Me contó el doctor del pueblo que fue la única persona que tuvo alguna relación con él, que, durante su retiro, se hizo devoto de una única línea de estudio, cuyo resultado de lo que expuso en un libro no fue recomendado a la aprobación de sus colegas; quienes, de hecho, no lo consideraron enteramente sano.
No he visto el libro y no puedo recordar su título, pero me dijo que exponía una extraña teoría. Decía que era posible que una persona de buena salud pudiera pronosticar su propia muerte con precisión, varios meses antes del hecho. El límite, pienso, eran dieciocho meses.

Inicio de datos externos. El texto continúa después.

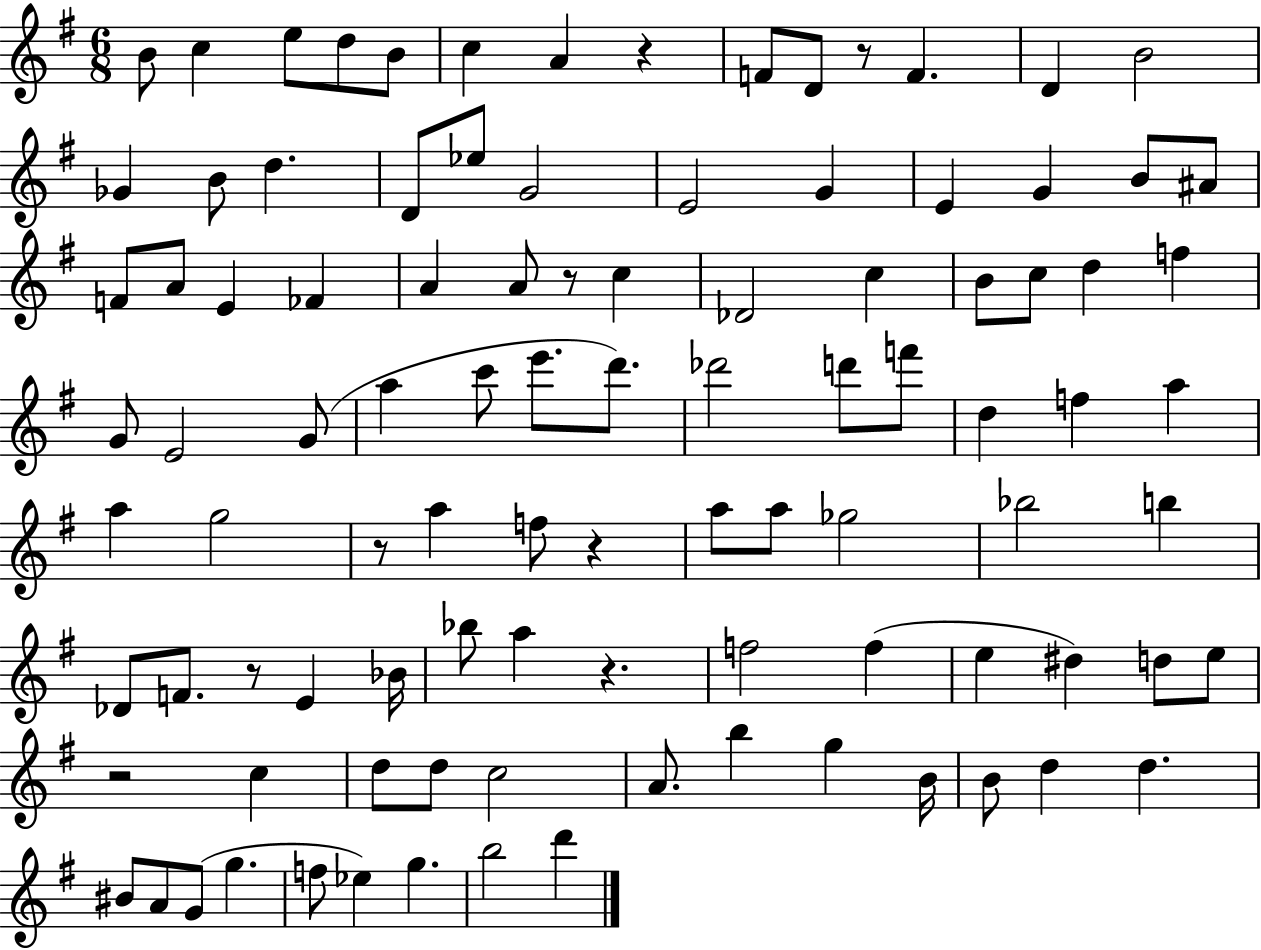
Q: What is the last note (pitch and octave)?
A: D6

Hubo leyendas locales acerca de que había ejercido sus poderes de profecía, que quizás usted denomine diagnóstico; siempre me dijeron que las personas a las que advirtió de su fallecimiento murieron de pronto en el plazo fijado, sin causa conocida. Todo esto, por cierto, no tiene nada que ver con lo que voy a decirle; pero pienso que puede divertir a un médico.
La casa estaba amueblada, tal como cuando él había vivido ahí. Era más bien una oscura vivienda para alguien que no había sido recluso ni estudiante y creo que tal vez, debido a la soledad, me contagió algo del carácter de su anterior ocupante, porque siempre sentí una cierta melancolía que no estaba en mi disposición natural. No tenía sirvientes que durmieran en la casa, pero siempre tuve mucha adicción, como ya sabe, a la lectura. Cualquiera que fuera la causa, el efecto fue un rechazo y un sentido de fatalidad inminente; esto fue especialmente en el estudio del doctor Mannering, a pesar de que esta habitación era la más luminosa y aireada de la casa. El retrato de tamaño real del doctor parecía dominar el cuarto por completo. No había nada inusual en la imagen, era evidente que el hombre tenía muy buen aspecto; de unos cincuenta años de edad, con un cabello gris metalizado, una cara recién afeitada y unos ojos oscuros y serios. Algo en su aspecto siempre atraía mi atención. La apariencia del hombre se convirtió en familiar para mí, hasta me embrujó
.
Una tarde, mientras pasaba a través de ese cuarto para ir a mi dormitorio con una lámpara –no había gas en Meridian–, me paré, como de costumbre, frente al retrato que, a la luz, parecía adquirir una nueva expresión, una expresión difícil de describir y misteriosa. Me interesé, pero no me inquieté. Moví la lámpara de un lado a otro y observé los efectos de alterar la incidencia de la luz. Mientras estaba tan absorto, sentí el impulso de darme vuelta. Y cuando lo hice ¡vi a un hombre que se movía a través de la habitación y que se dirigía hacia donde yo estaba! Tan pronto como se acercó y la lámpara iluminó su cara, vi que era el doctor Mannering en persona; ¡era como si el retrato estuviera caminando!